We're investigating every possibility. Got about 600 odd authors and narrators working on it as we speak.


----------



## nightwork (Aug 11, 2020)

markpauloleksiw said:


> I am not in audible and don't plan to. But, is it possible Amazon has problems with product quality and this is their way to deal with it. Of course, this is no fair to authors.
> 
> Mark


audible/acx spend a long time checking the audiobook for quality before they release it


----------



## SusanMayWriter (Jan 7, 2014)

nightwork said:


> audible/acx spend a long time checking the audiobook for quality before they release it


Exactly, they check quality, so returns can't possibly make any sense at 50% returns.

This month we also have a feeling it's grown higher. I'm looking at 70% return/theft of my books & others are reporting the same. Please join our fight if you have an audiobook on Audible via any distributor as we need everyone. Even if you are considering an audiobook, you can get involved. This affects every author & narrator & publisher.

We have about 750 in our FB group & we are getting somewhere. A lot of big organizations are looking into this through our efforts.

You can read about it here: https://www.susanmaywriter.net/single-post/audiblegate-the-incredible-story-of-missing-sales

and join us here: https://www.facebook.com/groups/fairdealwithaudible


----------



## Kathryn Meyer Griffith (May 6, 2013)

I've just asked to be admitted to your Facebook group. I have 35 ACX/Audible audio books and have been selling with them since 2013. I had NO IDEA about any of this 'returns' problem. I tried to look on my ACX Dashboard to see if I could see any signs of returns, etc. I can't. Maybe I'm looking in the wrong place? Anyway, I will keep following this.


----------



## Sam Kates (Aug 28, 2012)

Kathryn Meyer Griffith said:


> I've just asked to be admitted to your Facebook group. I have 35 ACX/Audible audio books and have been selling with them since 2013. I had NO IDEA about any of this 'returns' problem. I tried to look on my ACX Dashboard to see if I could see any signs of returns, etc. I can't. Maybe I'm looking in the wrong place? Anyway, I will keep following this.


I believe that's the crux of the problem - they don't tell us how many returns we have so the only way we even know they happen at all is by monitoring the overall sales figures and watching for them to go down.


----------



## SusanMayWriter (Jan 7, 2014)

Kathryn Meyer Griffith said:


> I've just asked to be admitted to your Facebook group. I have 35 ACX/Audible audio books and have been selling with them since 2013. I had NO IDEA about any of this 'returns' problem. I tried to look on my ACX Dashboard to see if I could see any signs of returns, etc. I can't. Maybe I'm looking in the wrong place? Anyway, I will keep following this.


Hi Kathryn,

Thanks for joining us. You're not missing anything. There are no returns figures to see. They are hidden beneath the sales.

We've also now sent more than a hundred emails to ACX & Audible from our group asking for the returns to be given to us in a separated spreadsheet.
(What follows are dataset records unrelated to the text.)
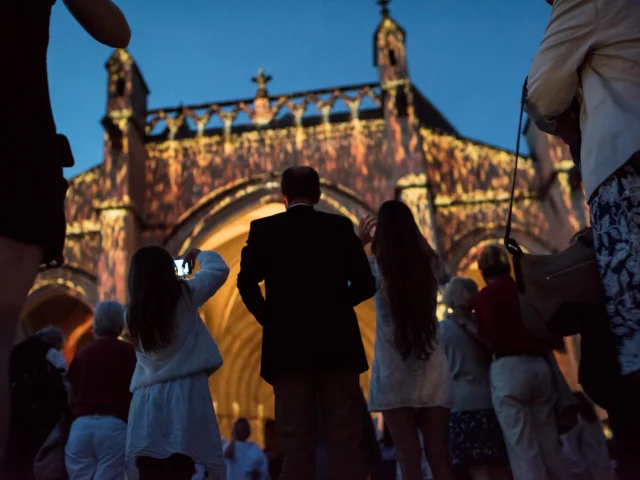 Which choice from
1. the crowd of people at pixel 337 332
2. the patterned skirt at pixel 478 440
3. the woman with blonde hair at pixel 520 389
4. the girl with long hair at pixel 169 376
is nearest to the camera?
the crowd of people at pixel 337 332

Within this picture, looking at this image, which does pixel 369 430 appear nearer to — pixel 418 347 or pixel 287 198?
pixel 418 347

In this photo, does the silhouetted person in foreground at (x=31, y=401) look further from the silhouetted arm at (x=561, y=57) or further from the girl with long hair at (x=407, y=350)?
the silhouetted arm at (x=561, y=57)

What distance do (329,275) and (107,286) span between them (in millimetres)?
8664

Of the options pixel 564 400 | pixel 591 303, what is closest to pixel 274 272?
pixel 591 303

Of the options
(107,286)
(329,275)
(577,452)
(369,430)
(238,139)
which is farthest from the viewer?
(238,139)

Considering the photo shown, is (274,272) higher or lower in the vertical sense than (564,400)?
higher

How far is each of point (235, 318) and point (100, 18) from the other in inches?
562

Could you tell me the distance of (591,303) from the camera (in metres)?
1.70

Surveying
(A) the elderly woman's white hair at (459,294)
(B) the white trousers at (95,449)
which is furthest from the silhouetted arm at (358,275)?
(B) the white trousers at (95,449)

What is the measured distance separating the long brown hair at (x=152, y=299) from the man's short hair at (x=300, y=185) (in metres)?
0.71

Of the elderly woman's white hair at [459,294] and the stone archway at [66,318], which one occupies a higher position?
the stone archway at [66,318]

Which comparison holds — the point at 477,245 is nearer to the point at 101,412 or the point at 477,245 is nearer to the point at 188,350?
the point at 101,412

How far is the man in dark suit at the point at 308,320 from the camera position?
2.23 meters

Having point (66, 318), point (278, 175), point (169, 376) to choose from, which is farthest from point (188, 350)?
point (66, 318) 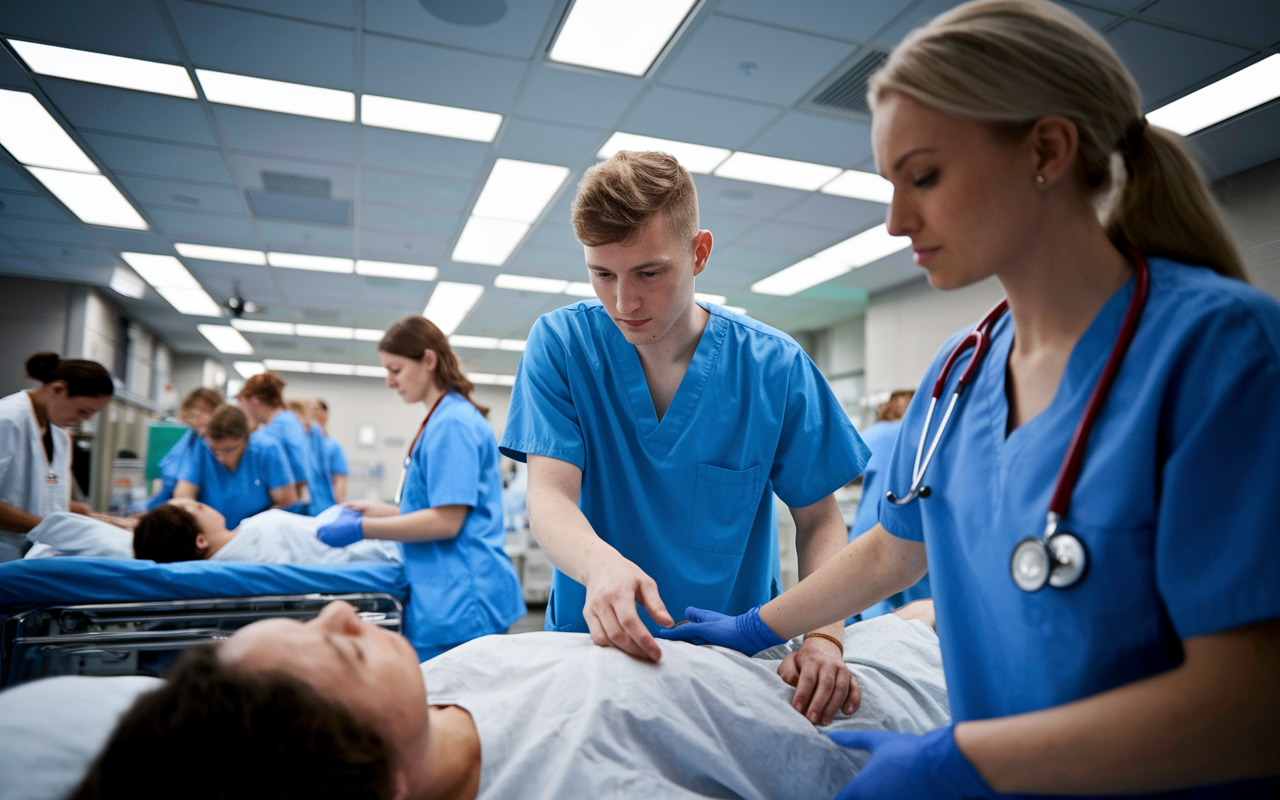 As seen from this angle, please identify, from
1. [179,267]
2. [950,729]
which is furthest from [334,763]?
[179,267]

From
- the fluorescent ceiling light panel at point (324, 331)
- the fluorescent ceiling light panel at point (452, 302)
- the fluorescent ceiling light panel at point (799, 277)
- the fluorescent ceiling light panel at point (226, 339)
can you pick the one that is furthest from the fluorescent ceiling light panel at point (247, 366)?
the fluorescent ceiling light panel at point (799, 277)

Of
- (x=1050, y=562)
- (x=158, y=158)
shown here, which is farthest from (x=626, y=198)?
(x=158, y=158)

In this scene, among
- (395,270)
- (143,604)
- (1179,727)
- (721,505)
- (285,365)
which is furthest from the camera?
(285,365)

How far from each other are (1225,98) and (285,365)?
1258 centimetres

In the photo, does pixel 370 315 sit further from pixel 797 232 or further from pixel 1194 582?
pixel 1194 582

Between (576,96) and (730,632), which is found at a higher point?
(576,96)

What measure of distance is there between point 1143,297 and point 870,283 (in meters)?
6.42

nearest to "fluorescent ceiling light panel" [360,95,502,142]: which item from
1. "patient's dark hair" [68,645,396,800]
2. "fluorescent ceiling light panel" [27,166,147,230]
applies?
"fluorescent ceiling light panel" [27,166,147,230]

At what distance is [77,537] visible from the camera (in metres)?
2.72

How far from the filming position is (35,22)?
3.03m

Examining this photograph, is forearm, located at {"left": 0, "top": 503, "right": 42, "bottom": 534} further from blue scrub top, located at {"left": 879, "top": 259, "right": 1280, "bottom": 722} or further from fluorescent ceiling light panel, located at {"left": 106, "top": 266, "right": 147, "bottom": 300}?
fluorescent ceiling light panel, located at {"left": 106, "top": 266, "right": 147, "bottom": 300}

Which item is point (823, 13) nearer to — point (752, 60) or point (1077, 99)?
point (752, 60)

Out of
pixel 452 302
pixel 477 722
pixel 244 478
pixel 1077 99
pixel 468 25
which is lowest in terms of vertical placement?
pixel 477 722

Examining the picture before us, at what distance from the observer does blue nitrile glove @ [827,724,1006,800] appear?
703mm
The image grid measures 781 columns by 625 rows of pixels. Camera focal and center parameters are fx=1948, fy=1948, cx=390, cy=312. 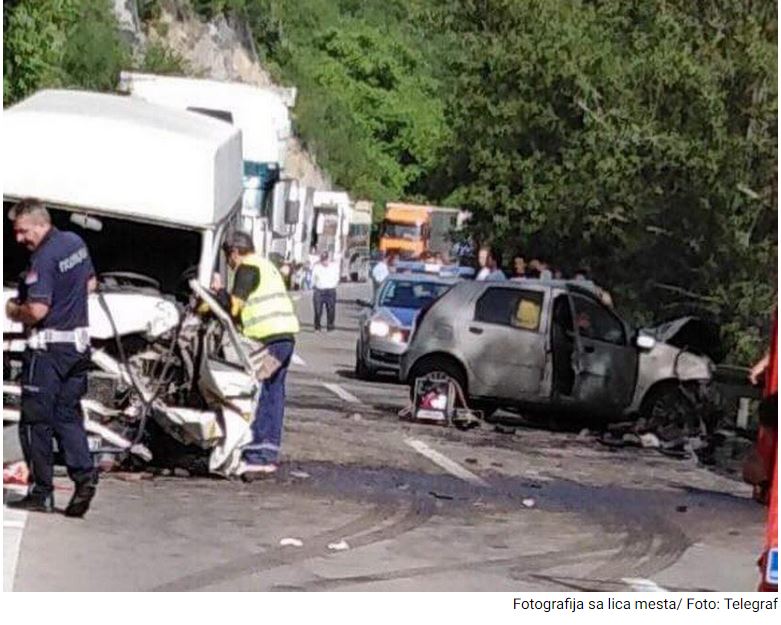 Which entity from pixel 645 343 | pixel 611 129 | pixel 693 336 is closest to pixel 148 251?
pixel 645 343

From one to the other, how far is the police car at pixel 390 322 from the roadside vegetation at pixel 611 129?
3370mm

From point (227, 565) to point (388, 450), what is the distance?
685 cm

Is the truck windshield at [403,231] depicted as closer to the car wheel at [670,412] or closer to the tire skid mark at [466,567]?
the car wheel at [670,412]

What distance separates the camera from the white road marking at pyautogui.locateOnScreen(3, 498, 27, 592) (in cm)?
893

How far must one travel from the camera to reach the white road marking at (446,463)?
15.0 metres

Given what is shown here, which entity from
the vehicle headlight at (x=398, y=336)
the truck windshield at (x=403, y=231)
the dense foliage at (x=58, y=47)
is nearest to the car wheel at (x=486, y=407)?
the vehicle headlight at (x=398, y=336)

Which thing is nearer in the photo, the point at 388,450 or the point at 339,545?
the point at 339,545

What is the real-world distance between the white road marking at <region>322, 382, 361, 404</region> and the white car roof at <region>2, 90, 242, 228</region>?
7.25 metres

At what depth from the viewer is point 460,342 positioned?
2056 centimetres

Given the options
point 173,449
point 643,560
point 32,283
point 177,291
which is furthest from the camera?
point 177,291

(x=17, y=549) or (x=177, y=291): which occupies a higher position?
(x=177, y=291)

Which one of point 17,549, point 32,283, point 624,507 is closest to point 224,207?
point 624,507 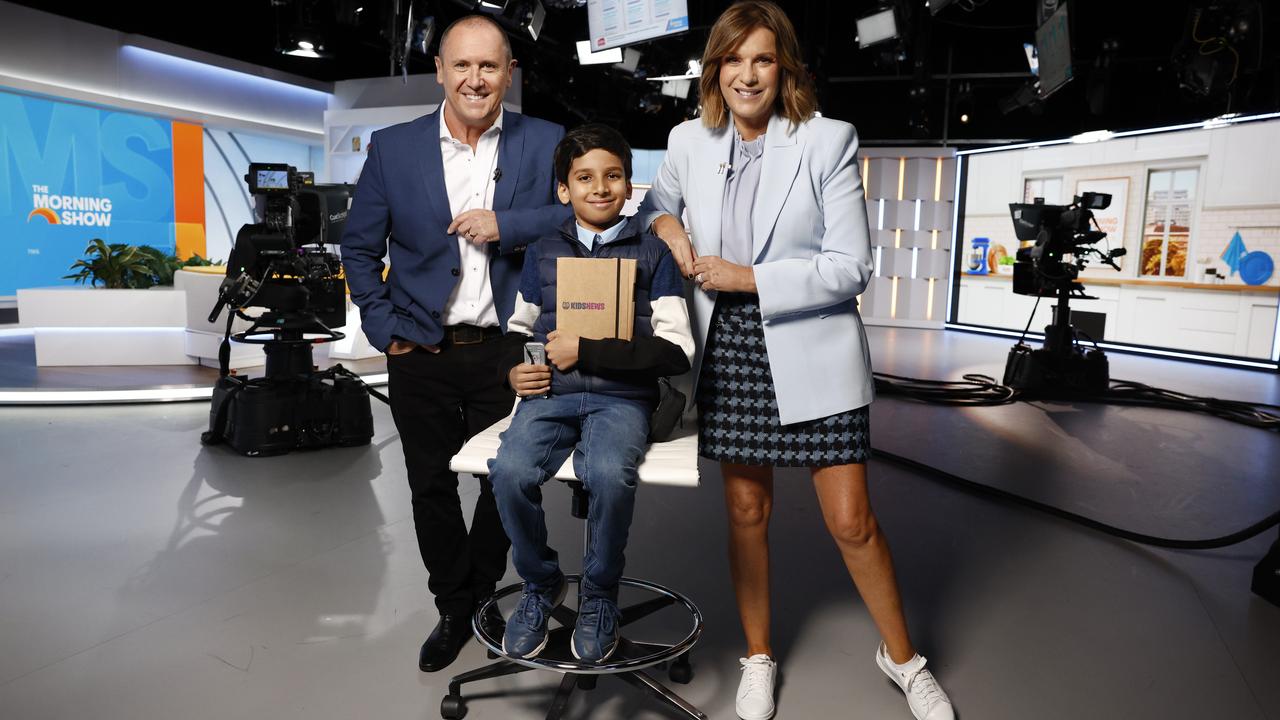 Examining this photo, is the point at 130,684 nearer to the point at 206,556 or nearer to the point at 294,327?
the point at 206,556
Many authors have also stated that as per the Audible/Acx agreements that they do not accept their last three months of statements & want them audited & again nothing has been supplied & no communication other than it's been sent to the business unit & they have no idea when this will be actioned.

We are now into week four of writing & it's becoming a sickening joke as we watch returns still flood in, continue to watch Audible promote returns, no questions asked & read in FB groups about readers who urge other readers that "if you can't afford to pay for audiobooks then go right ahead & swap already listened to books."

If you've got that many books, you have had thousands if not tens of thousands, maybe more siphoned from your income. This is a very important issue for all authors, indie & trad pubbed to come together on.

We welcome anyone else to join our fight. Our group is now 800 strong & growing every day, and we have one focus: stop this theft, make returns transparent so we can't be tricked again & recover our lost income. If anyone wants that too, please join us.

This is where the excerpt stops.